Awareness with recall (AWR) while under general anesthesia is not a frequent event—a recent report noted that it occurs in 1 to 2 cases out of 1,000. With 21 million general anesthetics administered each year, 42,000 patients have some type of recall during their procedure.1

But the effects of AWR can be severe and long-lasting.

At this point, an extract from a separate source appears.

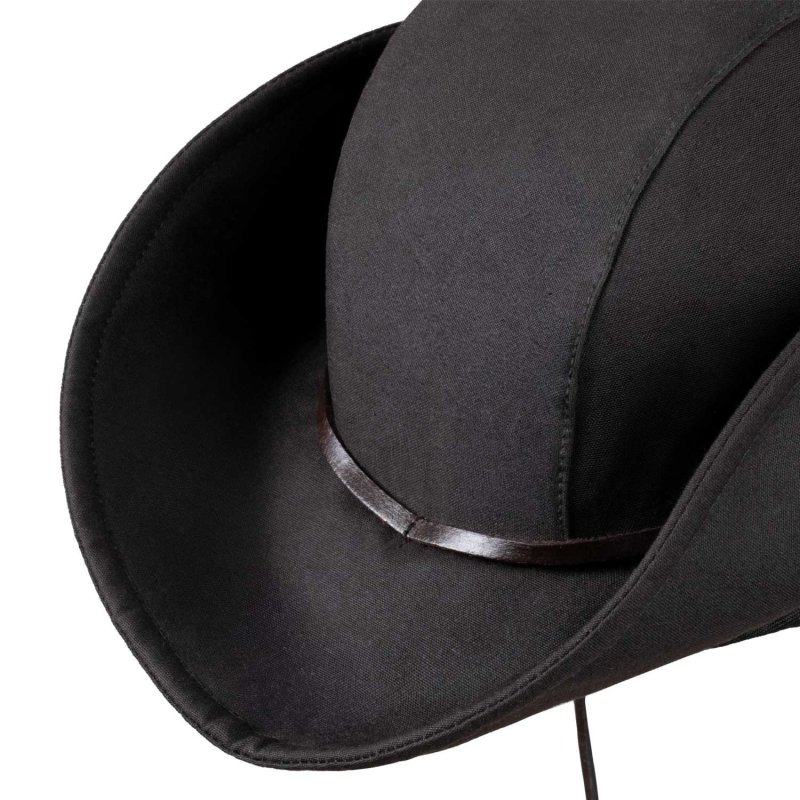 Umbria Equitazione Cappello in tessuto cerato - EquiSportMania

One study suggests that patients who have experienced this type of event have a 70 percent chance of developing post-traumatic stress disorder that may last for years.2

Follow these tips to help prevent AWR:

  • Know the risk factors for awareness under anesthesia:
    • Anesthetic agents used in low concentrations for any reason.
    • Patient is excited before induction (however, AWR can occur covertly in any patient).
    • Total intravenous anesthesia techniques.
    • Abdominal delivery.
    • Trauma surgery.
    • Previous episodes of awareness under anesthesia.
  • Be proactive to prevent claims:
    • Discuss the potential for dreaming or AWR as part of the informed consent process.
    • Monitor and document end-tidal agent concentrations and patient response.
  • Take steps to decrease the risk of awareness under anesthesia:
    • Utilize an end-tidal monitor for volatile anesthetics with a low alarm limit set.
    • Utilize a processed EEG monitor to guide anesthesia management whenever possible, especially when using total intravenous anesthesia techniques and particularly for patients with a history of AWR.

If your patient experiences awareness under anesthesia, acknowledge and address the patient’s concerns and consider referring the patient to a psychiatrist or counselor who is knowledgeable about the various types of AWR.


1 Avidan MS, Mashour GA. Prevention of intraoperative awareness with explicit recall: making sense of the evidence. Anesthesiology. 2013 Feb;118(2):449-56.

2 Leslie K, Chan MT, Myles PS, Forbes A, McCulloch TJ. Posttraumatic stress disorder in aware patients from the B-aware trial. Anesthesia and Analg. 2010 Mar 1;110(3):823-8.

The guidelines suggested here are not rules, do not constitute legal advice, and do not ensure a successful outcome. The ultimate decision regarding the appropriateness of any treatment must be made by each healthcare provider considering the circumstances of the individual situation and in accordance with the laws of the jurisdiction in which the care is rendered.